## Provided data
*** Begin section ***
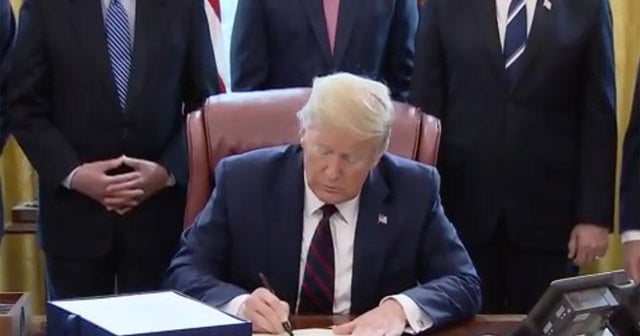 Trump signs $2 trillion coronavirus emergency relief bill - CBS News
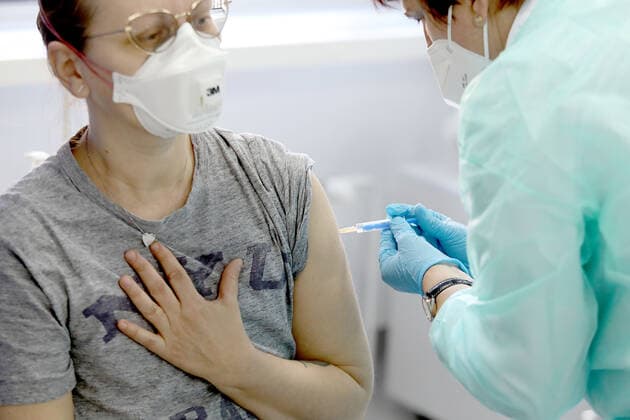 Vaccination in Zagreb, Croatia A woman receive coronavirus disease (COVID-19) vaccine during a mass vaccination in Zagreb, Croatia on February 23, 2021 PatrikxMacek PIXSELL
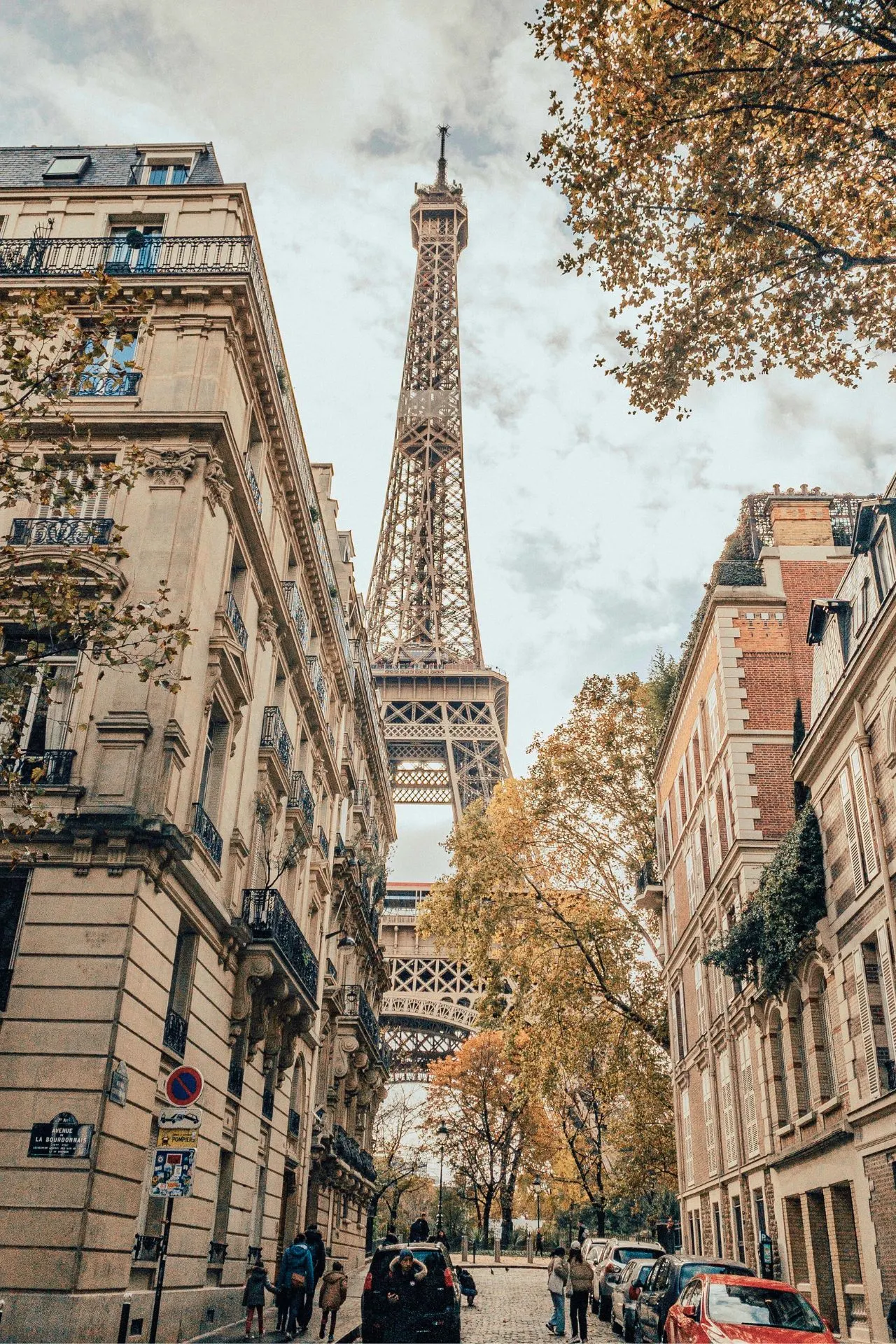 Mooie foto genomen door een smalle straat in Parijs Frankrijk, je ziet in de verte de Eiffel toren en aan de zijkant gebouwen en bomen.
*** End section ***
## What you should do
Skip every picture and transcribe the data above exactly.

## Output of the exercise
 Trump signs $2 trillion coronavirus emergency relief bill - CBS News
 Vaccination in Zagreb, Croatia A woman receive coronavirus disease (COVID-19) vaccine during a mass vaccination in Zagreb, Croatia on February 23, 2021 PatrikxMacek PIXSELL
 Mooie foto genomen door een smalle straat in Parijs Frankrijk, je ziet in de verte de Eiffel toren en aan de zijkant gebouwen en bomen.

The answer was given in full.